Here I’ll replicate these methods with some minor changes and explore the results.

First, I downloaded 00:00 UTC zonal wind hourly data from ERA5 at 10 hPa between between 55ºN and 65ºN. Figure 1 shows the timeseries, which has a very strong seasonal cycle.

To remove the seasonal cycle, Hardiman et al. (2020) removed the climatological mean following MacLachlan et al. (2015):

Using the climatological (i.e., average across all years) daily U data, a rolling 61 day mean is formed (i.e., ±30 days), weighted with the function

\[w=\mathrm e^{\frac{-d^2}{100}}\]

where d is the lag/lead in days from the central day (i.e., an exponential decay on a time scale of 10 days). This climatological daily rolling mean is then removed from the daily winds for each year, producing the anomalous daily wind field.

The idea here is that the seasonal cycle computed by just the daily averages can be noisy due to sampling variability. So they smooth it out with a weighted rolling mean function.

This might be fine, but I’m usually not a fan of rolling mean for this because it can have issues at the boundaries. Not only the mean is computed from fewer datapoints, but there is no assurance that the annual cycle to be periodic (the 31st of December needs to be almost equal to the 1st of January).

My preferred solution is to use Fourier (I dare you to find a problem that’s not solved with Fourier). Just filter out the higher wavenumbers to get a smooth and periodic seasonal cycle. In this case, I filtered out wavenumbers greater than 3.

As you can see in Figure 2, the raw climatology is not super noisy (I’ve seen noisier) but the smoothed-out version is much better. The difference is specially important in the boreal Winter months, which is the ones we are interested in! The choice of maximum wavenumber does change the smooth slightly (of course). I chose 3 just by eye, but I suspect one could get to a more objective and automatic number using cross-validation (I dare you to find a problem that’s not solved with cross-validation).

Next, after removing this smooth climatology, Hardiman et al. (2020) fits a sine wave model to each year’s November-March period. Initially they fit the model

\[ U = \bar{U} + A\sin(\mathit{freq}(\mathit{time} + \mathit{phase})) \]

in which \(\bar{U}\) is the mean zonal wind anomaly of that winter (what they call “offset”), \(A\) is the amplitude of the vacillation, \(\mathit{freq}\), its frequency and \(\mathir{phase}\), its phase. After fitting this model, they then decide to opt for a simpler model with only \(\bar{U}\) and \(\mathit{phase}\) as free parameters and \(A\) and \(\mathit{freq}\) fixed as \(12\ ms^{−1}\) and 120 days respectively, which are approximatedly the mean values from the 4-parameter fit.

I honestly don’t really get why they do this. While it’s important to be mindful of the fact that the goodness of fit improves monotonically with the number of parameters, I don’t see why 4 parameters is too much and 2 is fine.
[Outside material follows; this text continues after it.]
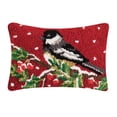 thumbnail image 1 of Peking Handicraft Chickadee On Branch Christmas Polyfill Hook Throw Pillow, 12-inch Length, Wool and Poly Velvet, Holiday Seasonal Decoration, 1 of 1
Considering that each winter has between 151 and 152 observations (depending on the leap-ness of the year), 4 parameters doesn’t seem to be anywhere near the overfitting danger-zone. Besides, since they fix the two other parameters based on the same data, it’s not even technically true that they are only fitting 2 parameters!

From a physical argument I would believe that fixing the frequency is desirable if one knows the approximate timescale of the phenomenon. But the change amplitude is a fundamental aspect of the vacillations; the main idea of this process is that a weaker jet will have stronger oscillations. They even test this with their 4-parameter fit. So I don’t really understand why they decided to keep it fixed.

I will ignore this parameter restriction and instead fit the full 4-parameter model. The only restriction is that the maximum period I’m allowing is 300 days.

Getting the sine wave fit was a bit of a challenge.
At first I was trying to use the `nls()`

function, which performs Nonlinear Least Squares, but it not only errored out plenty of times due to numerical issues, but even when it ran without errors it would return nonsensical fits.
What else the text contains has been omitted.